Chronic insomnia menopause

Are you having trouble sleeping because you’re going through Chronic insomnia menopause? You’re not the only one who feels this way. 


For women, menopause is a time of significant hormonal, physical, and psychological change, and all of this change can disrupt sleep.


Around 12% of women complain about their sleep on a regular basis. As women reach their late 40s and early 50s, the percentage rises considerably to 40%1. 

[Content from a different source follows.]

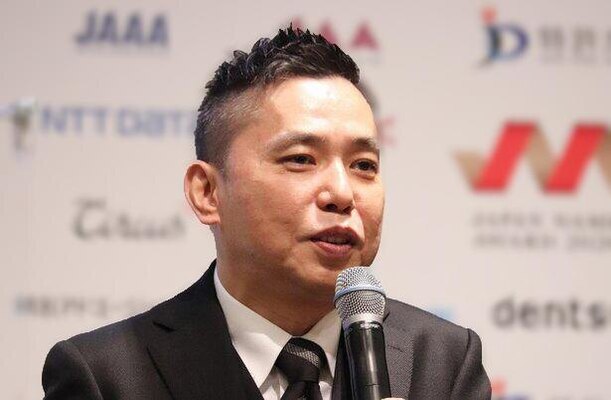 爆問太田 相方 田中の退院後の様子を明かす やたらテンション低いんだよね ニコニコニュース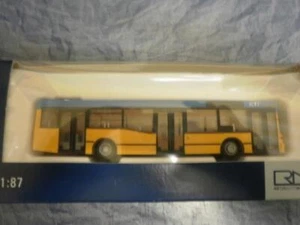 Autobus urbano Rietze Mercedes-Benz O 405 N2 Euro Traffic Partner Chemnitz 75235 - Foto 1 di 1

Women report the biggest sleep problems during perimenopause and postmenopause, when sleep disturbances become more widespread and worsen.


Menopause occurs one year after a woman’s menstrual cycles have stopped, which occurs around the age of 52. During perimenopause, a period of seven to 10 years3 before menopause, a woman’s ovaries gradually reduce the production of the hormones oestrogen and progesterone. 


These hormonal changes can lead to sleep problems, which can last well into postmenopause (the time after menopause).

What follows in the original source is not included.